Effect of spontaneous polarization and polar surface anchoring on the director and layer structure in surface-stabilized ferroelectric liquid crystal cells.

Abstract

We use the Landau-de Gennes model to study theoretically the effect of the magnitude of the spontaneous polarization (P(S)), the ratio (r) between the equilibrium layer tilt and the smectic cone angle, the thickness of the insulating alignment layers and the strength of the polar and nonpolar surface anchoring on the director and layer structure in surface-stabilized ferroelectric liquid crystal cells with the chevron structure of smectic layers. The system shows a surprising number of stable structures, accompanied by one or two metastable ones. At P(S) greater than the critical value only quasimonostable structures, which can exhibit the thresholdless (V-shaped) switching, exist at all r and both at weak and strong polar surface anchoring.

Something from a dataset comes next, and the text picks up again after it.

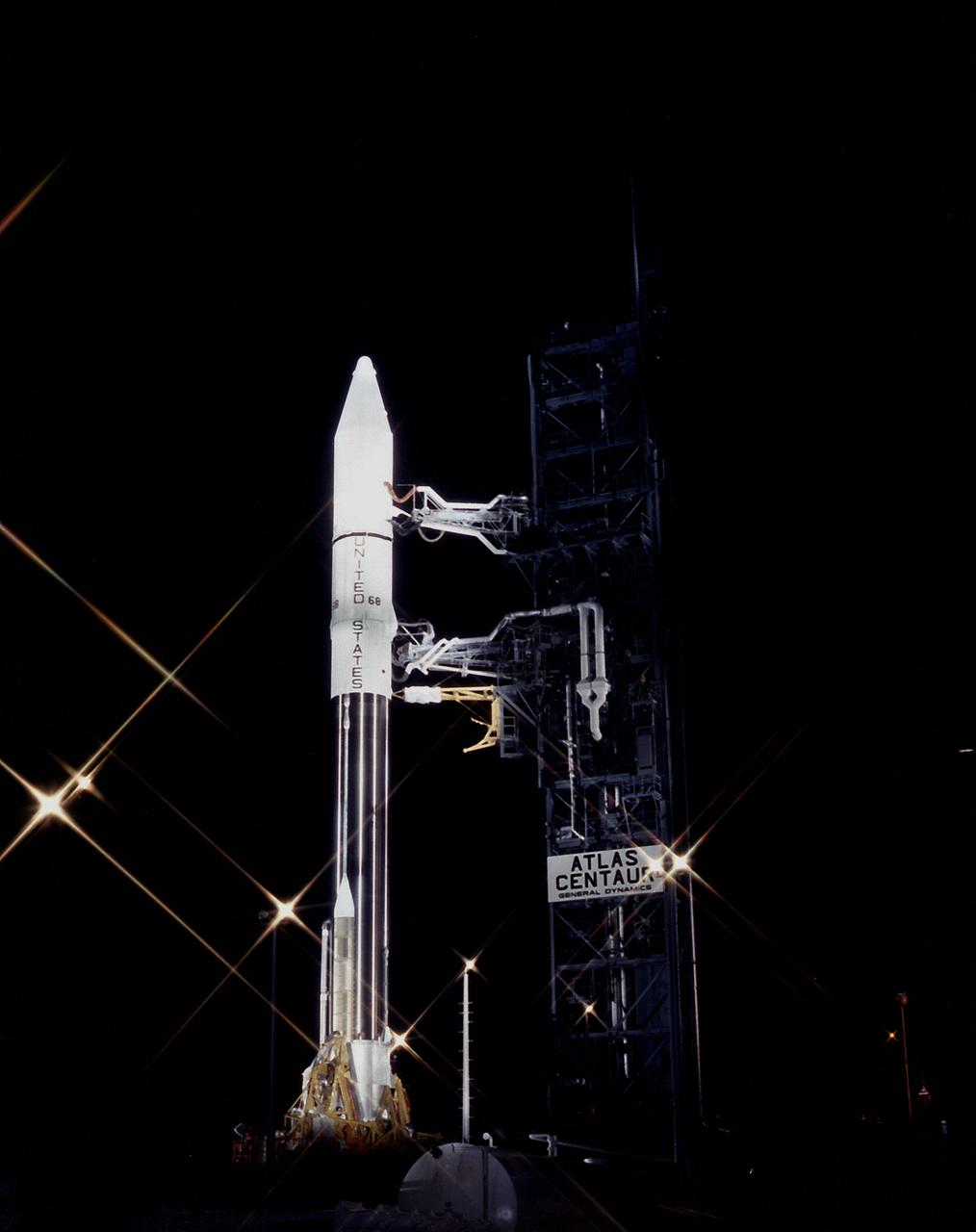 The Atlas-Centaur, AC-68 vehicle, with the FLTSATCOM (F-8 Communication Satellite) aboard, on the Complex 36 at the Cape Canaveral Air Force Station. The FLTSATCOM will provide communications for ships and submarines at sea, planes in the air and military ground units throughout the world. It will also provide instant communications between the President and the Commanding Officers.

At lower P(S) bistable and monostable structures can coexist. Bistable structures can be expected at high r, low P(S) and if polar surface anchoring is weaker than the nonpolar one. Lowering the ratio r and/or increasing the strength of polar anchoring promotes the stability of monostable structures. Thicker insulating alignment layers also drive the system into the monostable state. Polar surface anchoring induces a large surface electroclinic effect. As a result the nematic deformations close to the surfaces are very strong and the stress is relieved by bending of the smectic layers. This leads to the formation of a double chevron structure which is stable at very large polar anchoring and due to the surface electroclinic effect it is metastable also at lower values of polar anchoring.